* Problem description:
The material below is to be copied exactly from the line with "Ecouteur sans fil" up to and including the line with "Mitchell & Ness", with nothing else kept and no pictures.

* Records for the exercise:
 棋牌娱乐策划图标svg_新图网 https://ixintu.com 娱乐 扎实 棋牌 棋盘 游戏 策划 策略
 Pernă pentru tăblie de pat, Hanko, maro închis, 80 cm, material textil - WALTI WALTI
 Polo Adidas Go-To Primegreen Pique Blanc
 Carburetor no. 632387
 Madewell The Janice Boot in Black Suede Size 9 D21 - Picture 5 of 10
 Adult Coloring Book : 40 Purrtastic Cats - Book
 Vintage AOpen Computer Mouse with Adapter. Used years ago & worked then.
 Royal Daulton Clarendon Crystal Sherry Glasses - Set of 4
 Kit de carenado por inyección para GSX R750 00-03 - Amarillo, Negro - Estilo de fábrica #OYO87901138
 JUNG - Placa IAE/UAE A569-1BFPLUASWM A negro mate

* * *

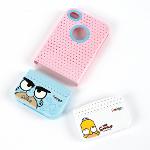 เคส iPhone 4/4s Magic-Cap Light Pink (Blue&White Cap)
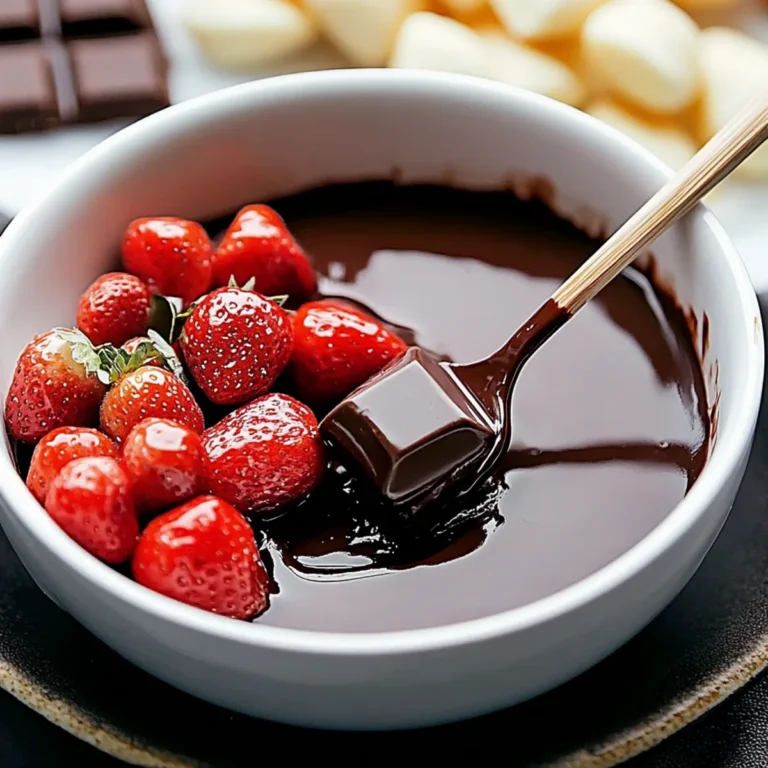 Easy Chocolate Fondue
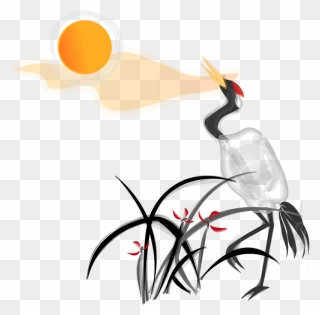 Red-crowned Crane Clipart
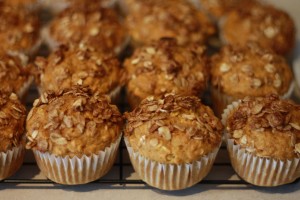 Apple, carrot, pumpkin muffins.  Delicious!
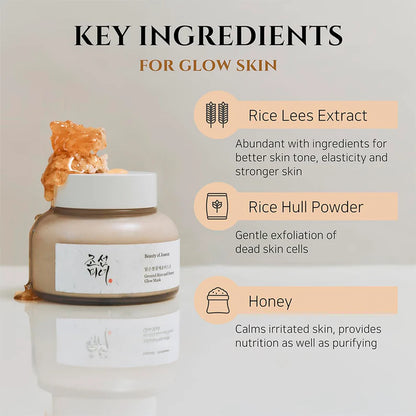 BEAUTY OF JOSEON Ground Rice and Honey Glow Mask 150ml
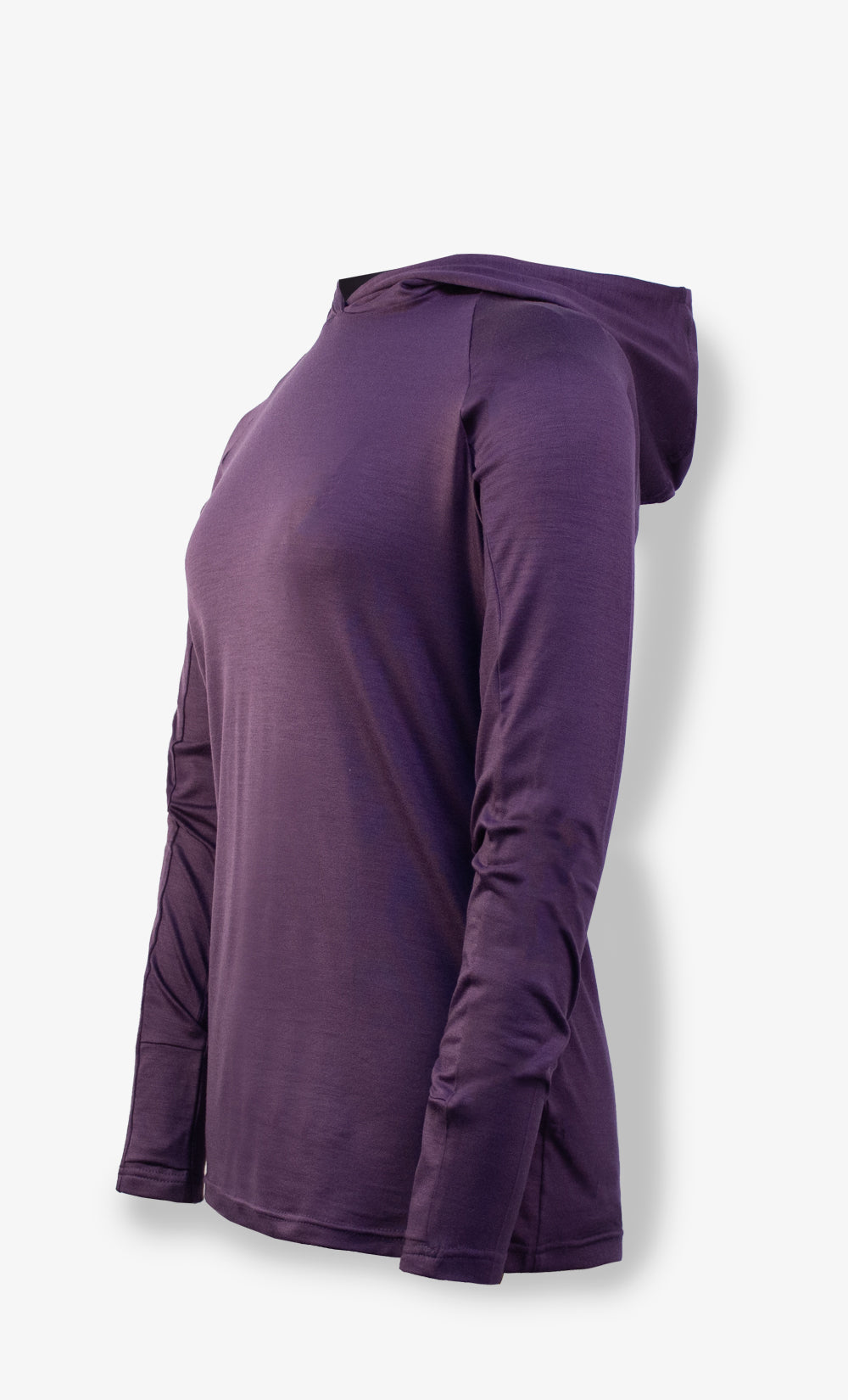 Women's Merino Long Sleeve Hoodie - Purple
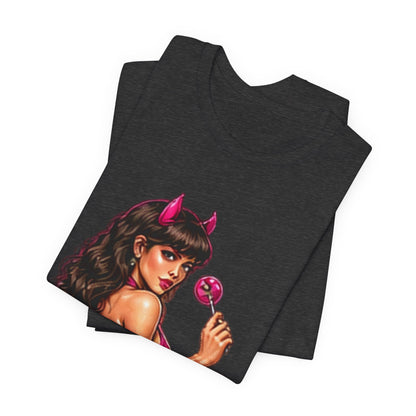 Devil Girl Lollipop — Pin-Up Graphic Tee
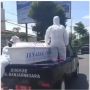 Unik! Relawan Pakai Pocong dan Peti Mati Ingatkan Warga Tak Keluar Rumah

...

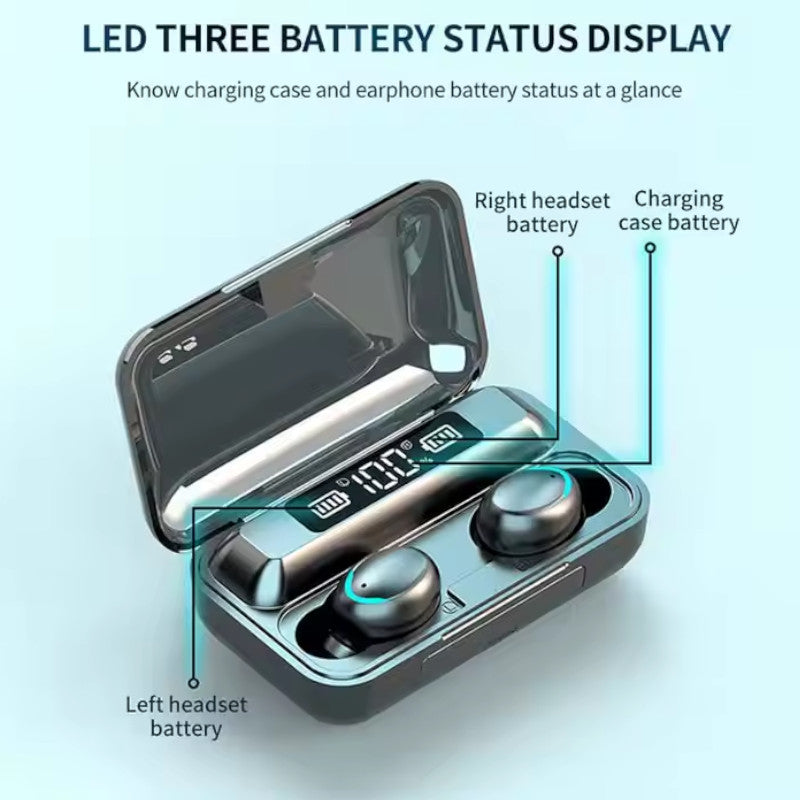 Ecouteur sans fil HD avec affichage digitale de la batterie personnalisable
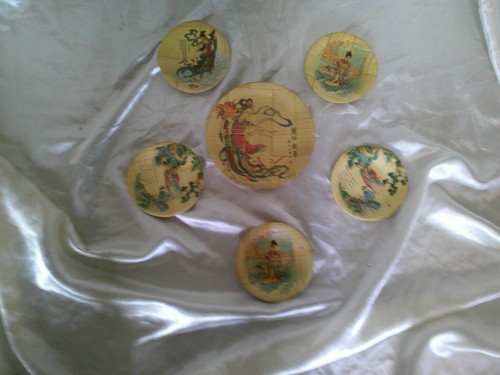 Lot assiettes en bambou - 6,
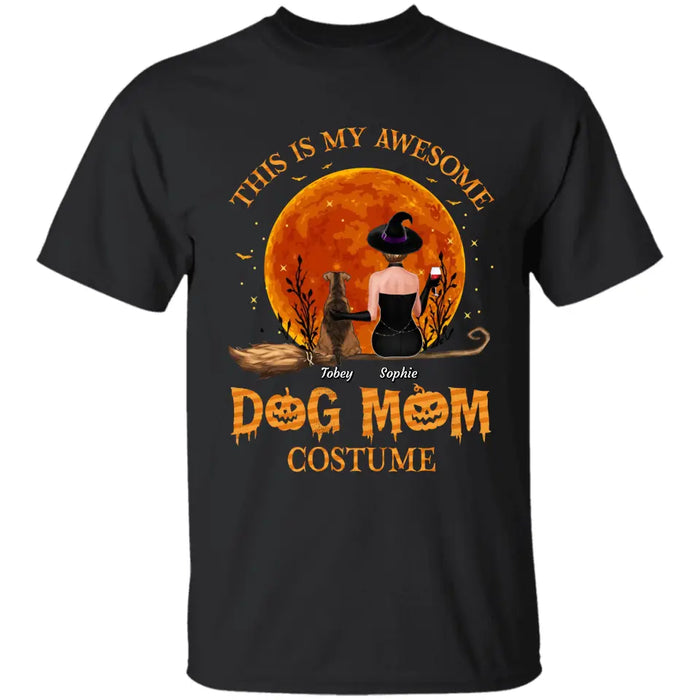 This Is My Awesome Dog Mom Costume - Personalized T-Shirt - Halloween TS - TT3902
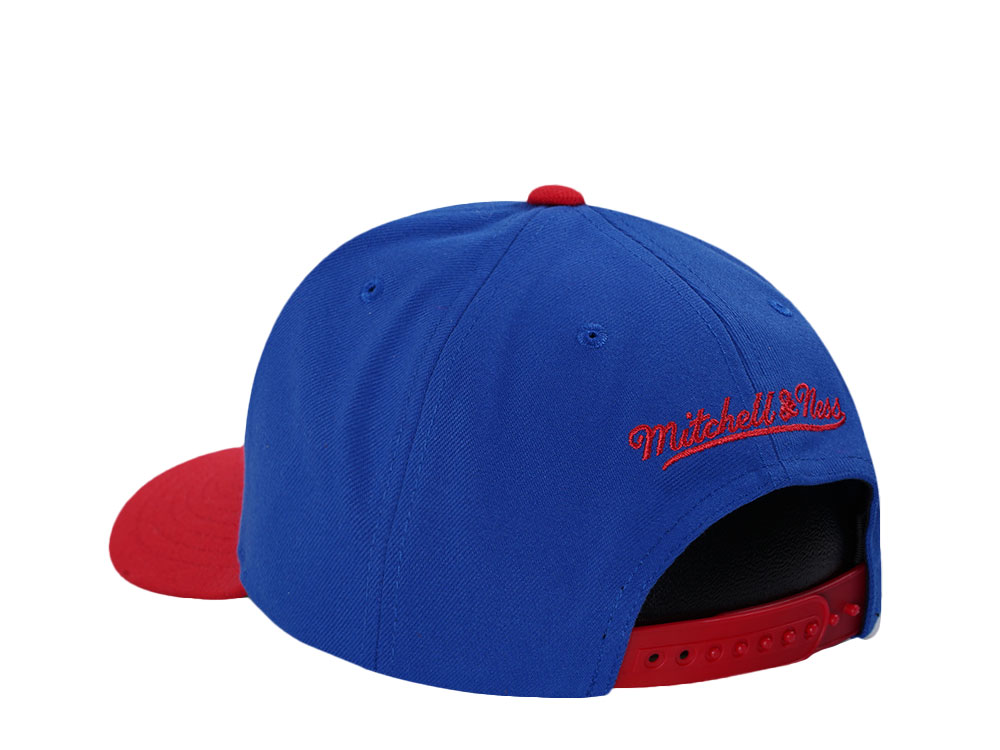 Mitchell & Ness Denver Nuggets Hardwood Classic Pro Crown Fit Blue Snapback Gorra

* Reply to the task:
 Ecouteur sans fil HD avec affichage digitale de la batterie personnalisable
 Lot assiettes en bambou - 6,
 This Is My Awesome Dog Mom Costume - Personalized T-Shirt - Halloween TS - TT3902
 Mitchell & Ness Denver Nuggets Hardwood Classic Pro Crown Fit Blue Snapback Gorra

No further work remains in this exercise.